Different run times depending on axis?

I have an app that works with 3-d float data. It applies a 1-d operator in x, then in y then in z. The X dimension is the fastest access, followed by Y and then Z. There are actually 4 volumes in memory, 3 input and 1 output. For testing I’m using a volume that has dimensions of 150 x 534 x 534. This is about 1/4 the size I actually need, but I can’t allocated the arrays on the 32 bit system (hint - need 64 bit os).

To process the operator and due to the 512 thread limit and to make the data fit in shared memory, I need to process blocks of each dimension. Due to the algorithm, the first 5 and the last 6 elements are not valid (because of overlap with data that is not in shared memory yet) and so I toss out the first and last 16 values to make sure I get reasonable memory access and access stays aligned with 16 words. The operator is 12 points long.

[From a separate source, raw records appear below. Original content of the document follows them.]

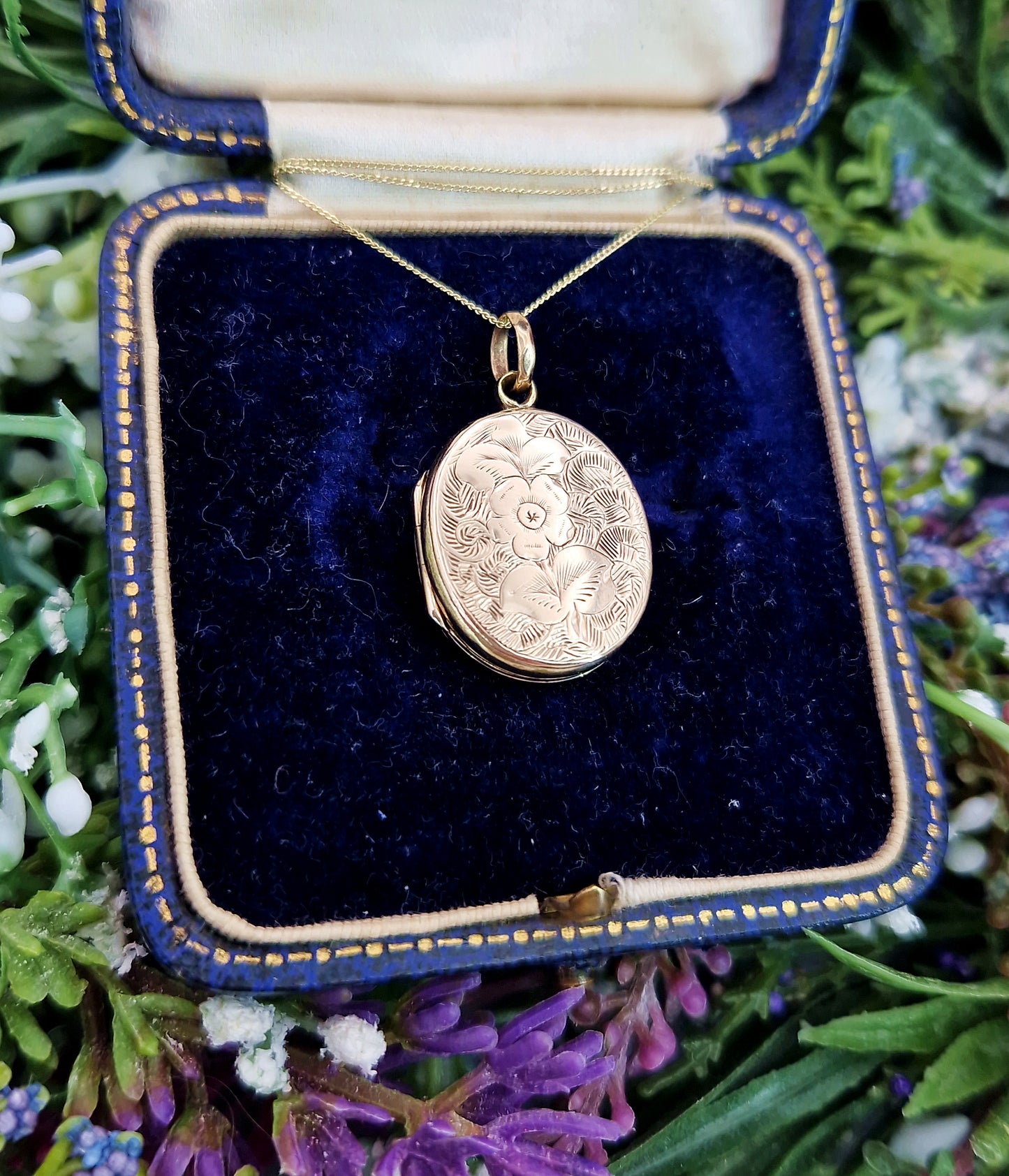Antique Victorian 9ct Gold Small Engraved Oval Floral Locket Pendant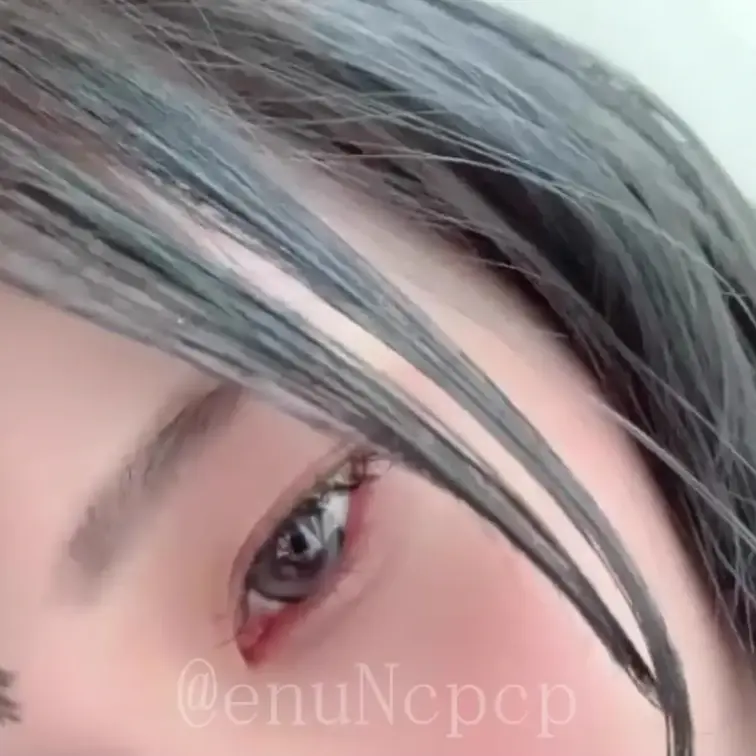 初めての顔出し！恥ずかしいけどプロフィールから私と彼氏のエッチな動画いっぱい見て欲しい♡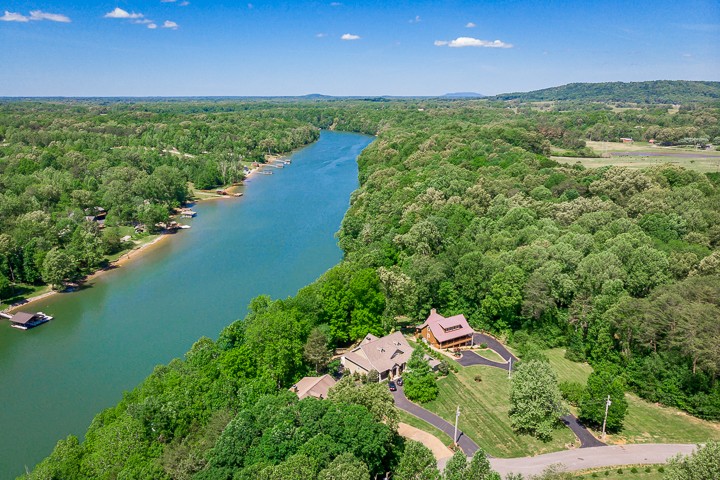 142 Rayahs Way Quebeck, TN 38579 - Photo 4 of 42 Gallery Image 4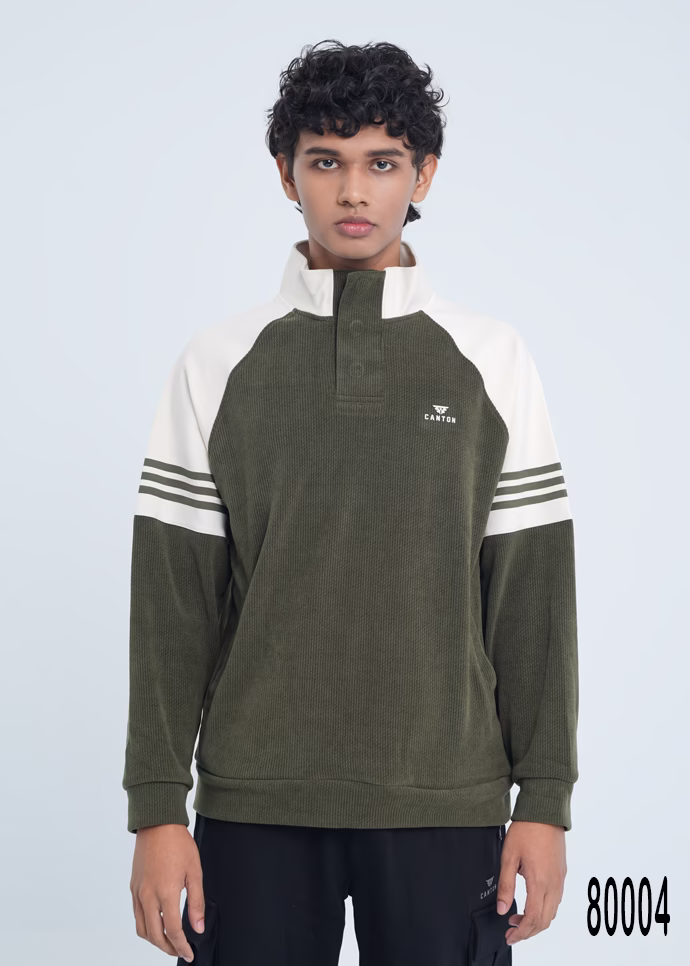 Oversized Sweatshirt in chic olive From Canton BD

In two cases, I first used a block size of 112. With the required overlap and expansion of the volume to have complete blocks, the dimensions increase to 192x592x592. The wall clock time is 12.1 seconds in the optimized CPU version and 3.74 seconds in the GPU version. The cuda profiler shows times as follows:

method=[ kernel2x ] gputime=[ 183964.219 ] cputime=[ 183977.000 ] occupancy=[ 0.833 ]
method=[ kernel2y ] gputime=[ 319831.594 ] cputime=[ 319838.000 ] occupancy=[ 0.667 ]
method=[ kernel2z ] gputime=[ 2076635.875 ] cputime=[ 2076601.125 ] occupancy=[ 0.667 ]

I expect the z kernel to run longer since it has the worst memory access pattern. The size of the code is 1020 bytes so I can fit 3 or 4 threads in shared memory.

If I change the block size to 128, the dimensions increase to 224x608x608. The wall clock times are 11.5 seconds for the cpu version and 2.59 for the GPU version. The code size is 1148 so I can fit 2 or 3 threads in memory. The cuda profile shows:
method=[ kernel2x ] gputime=[ 113474.336 ] cputime=[ 113489.000 ] occupancy=[ 0.833 ]
method=[ kernel2y ] gputime=[ 211501.344 ] cputime=[ 211510.000 ] occupancy=[ 0.667 ]
method=[ kernel2z ] gputime=[ 831834.875 ] cputime=[ 831830.000 ] occupancy=[ 0.667

Note the big difference in the gputime for the kernel2z between the runs. The same amount of data is processed in both runs, but the runtime is over twice as long for the z kernel.

Can someone illuminate why there is this difference in runtimes?

Also, If I add up all the times from the profiler, it doesn’t come close to the measured wall clock time. Why the difference?

Finally, I would think that getting more threads in shared memory would help, but in this case it is actually slower. It might be that the larger block size means less data is discarded and recomputed.

Thanks guys, looking good so far… :)